= EXERCISE GOAL =
Exact copy, pictures excluded: please retype every record below.

= PROVIDED INFORMATION =
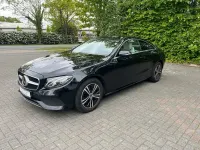 Gebraucht Mercedes E220 194 PS (142 kW) 2019 Schwarz Coupé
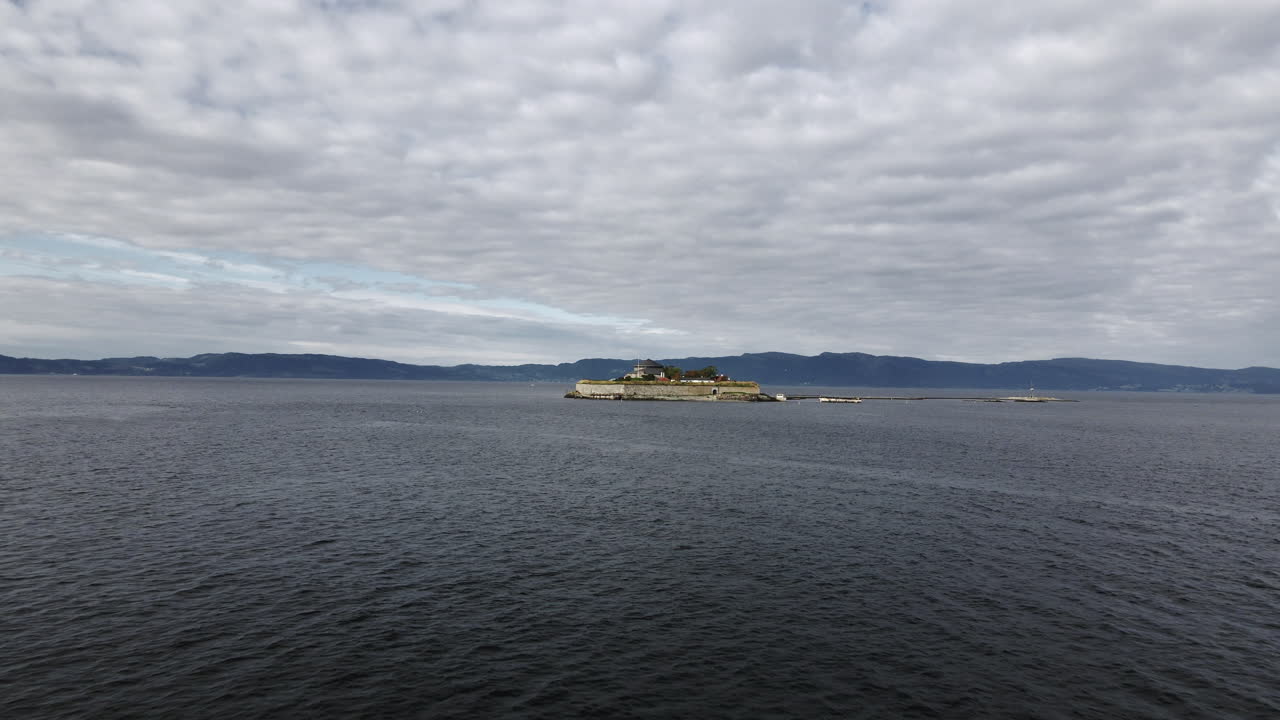 노르웨이 트론헤임의 뭉크홀멘 섬을 향해 파도 위를 날고 있습니다.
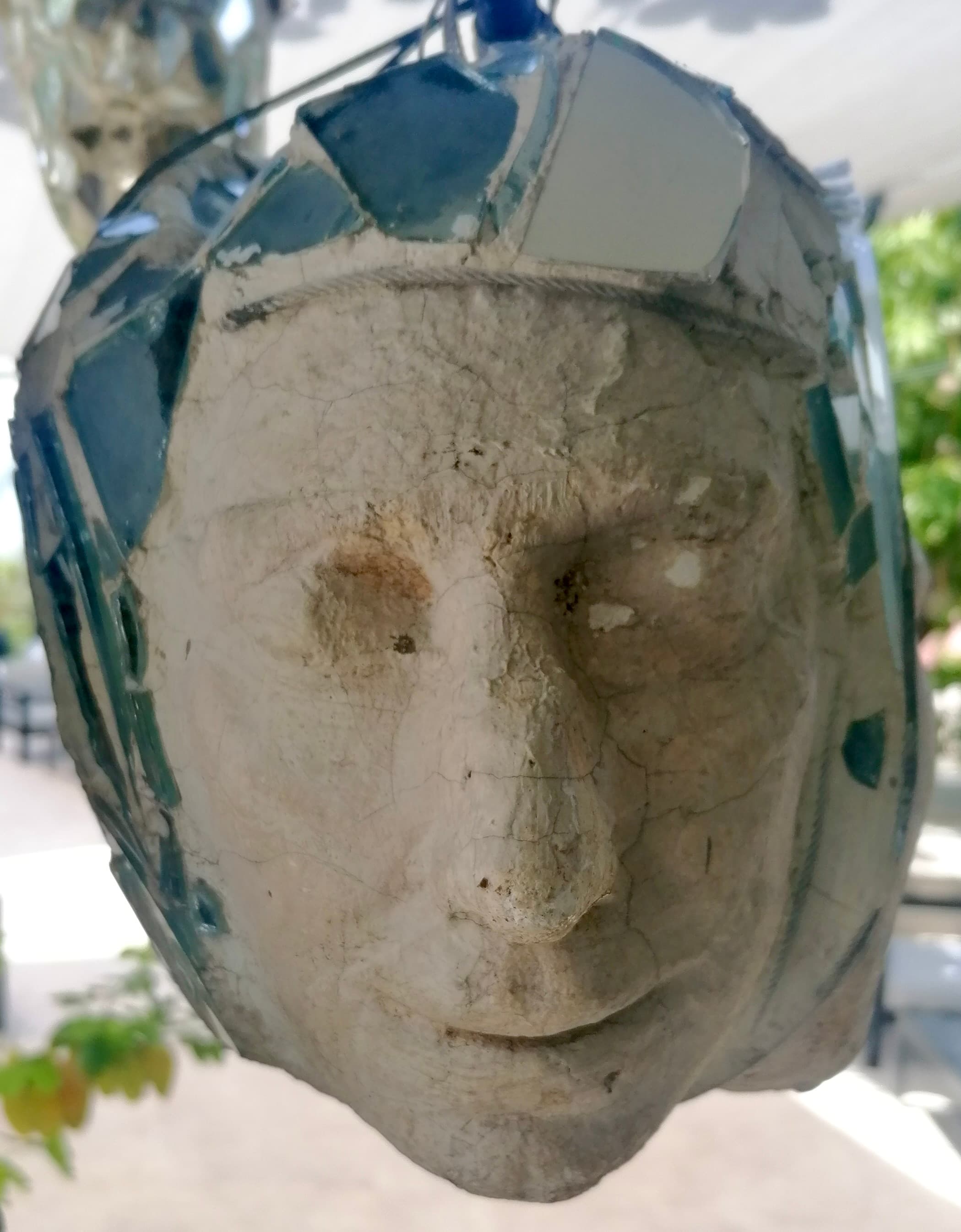 Tête sculptée I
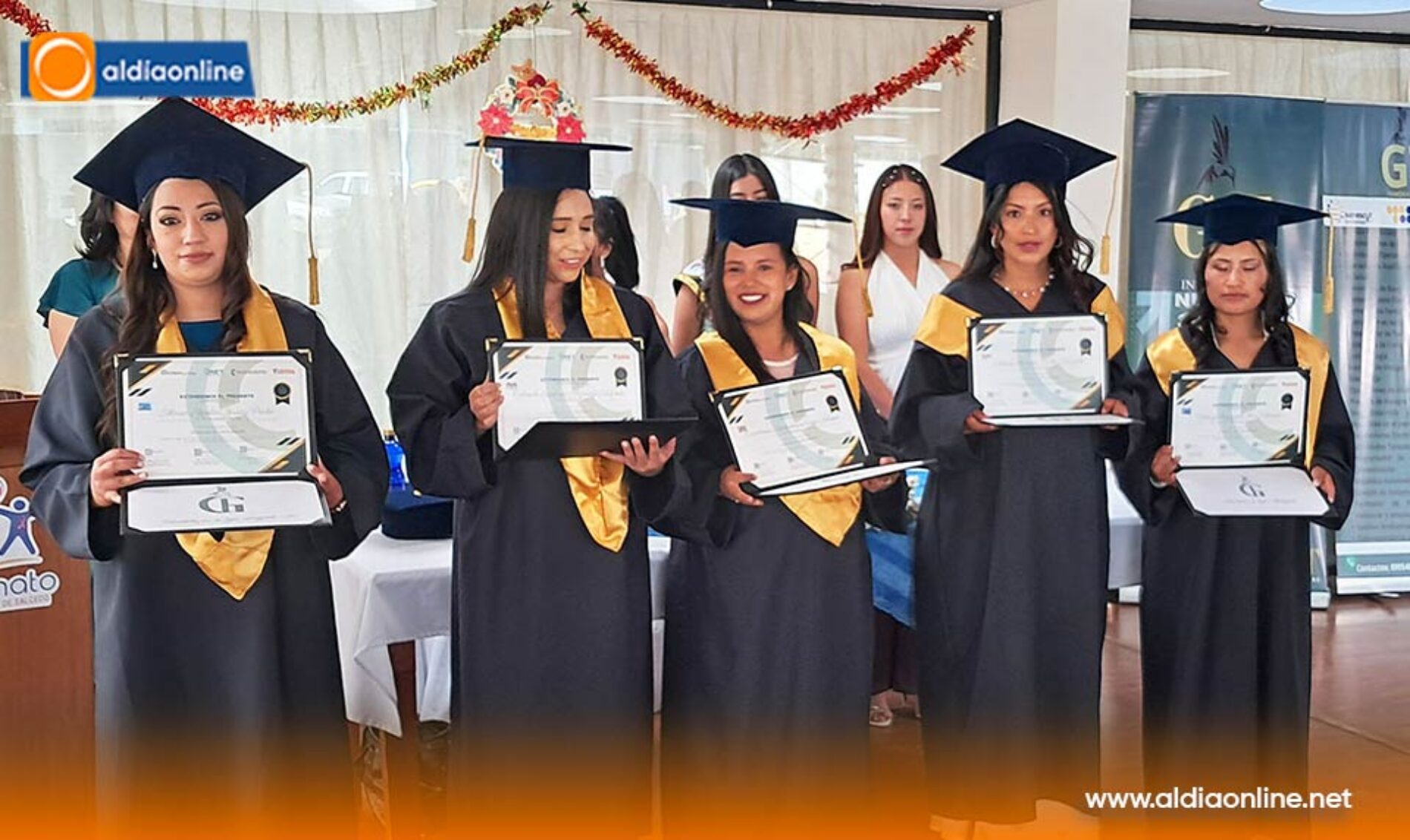 PATRONATO DE SALCEDO FORTALECE LA FORMACIÓN EN SALUD CON GRADUACIÓN DE AUXILIARES DE ENFERMERÍA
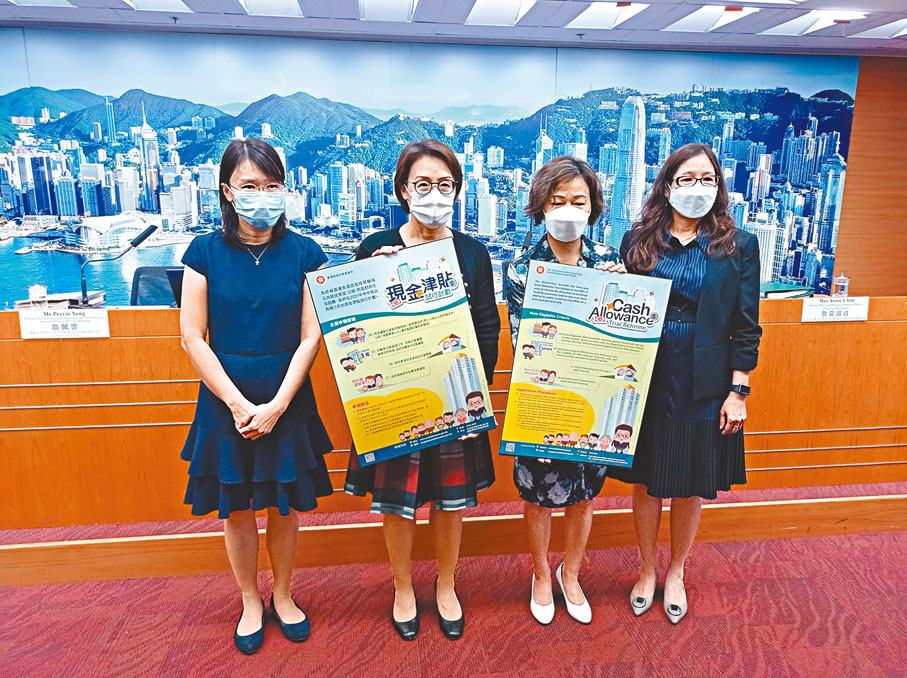 運輸及房屋局常任秘書長王天予(左二)昨日介紹「現金津貼試行計劃」的詳情。香港文匯報記者 攝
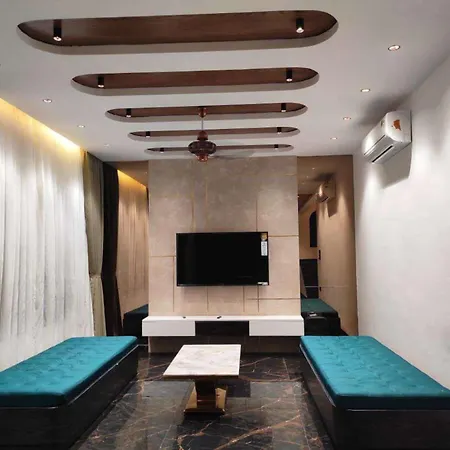 Curtis House Villa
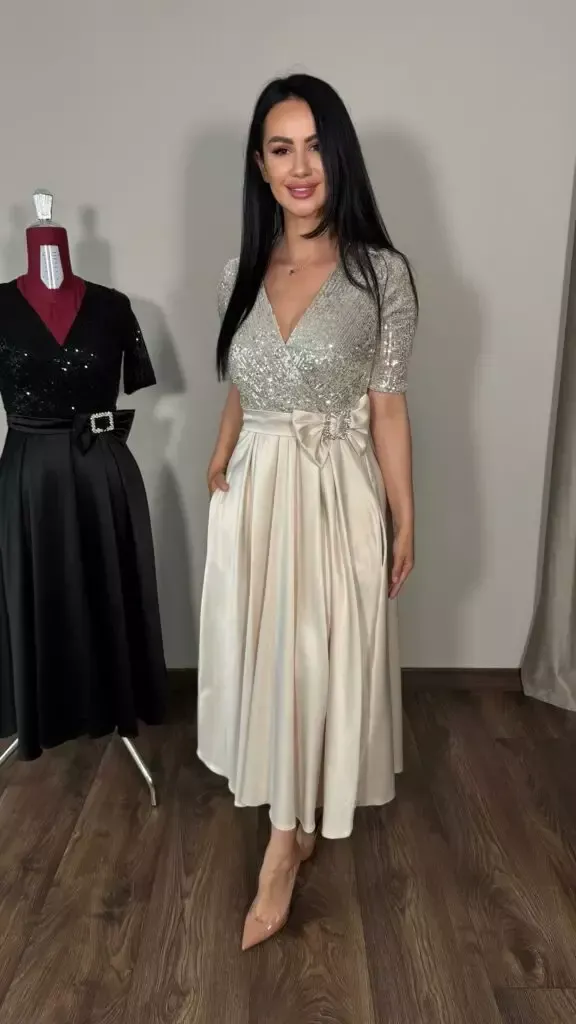 Abito in seta ricamato con perline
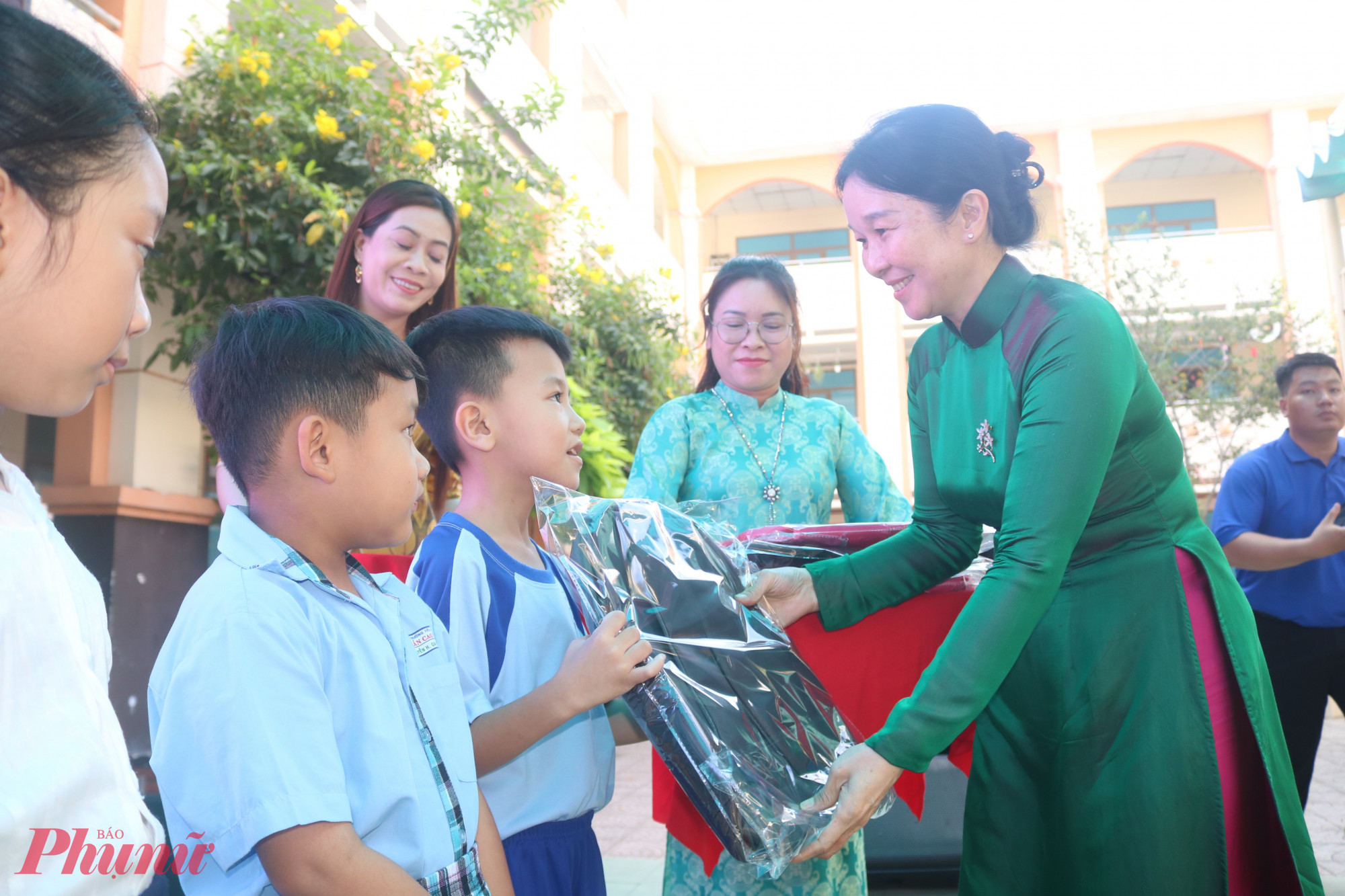 Trao học bổng và động viên các em học sinh tiếp tục cố gắng trong học tập, rèn luyện - Ảnh: Mẫn Nhi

= EXERCISE SOLUTION =
 Gebraucht Mercedes E220 194 PS (142 kW) 2019 Schwarz Coupé
 노르웨이 트론헤임의 뭉크홀멘 섬을 향해 파도 위를 날고 있습니다.
 Tête sculptée I
 PATRONATO DE SALCEDO FORTALECE LA FORMACIÓN EN SALUD CON GRADUACIÓN DE AUXILIARES DE ENFERMERÍA
 運輸及房屋局常任秘書長王天予(左二)昨日介紹「現金津貼試行計劃」的詳情。香港文匯報記者 攝
 Curtis House Villa
 Abito in seta ricamato con perline
 Trao học bổng và động viên các em học sinh tiếp tục cố gắng trong học tập, rèn luyện - Ảnh: Mẫn Nhi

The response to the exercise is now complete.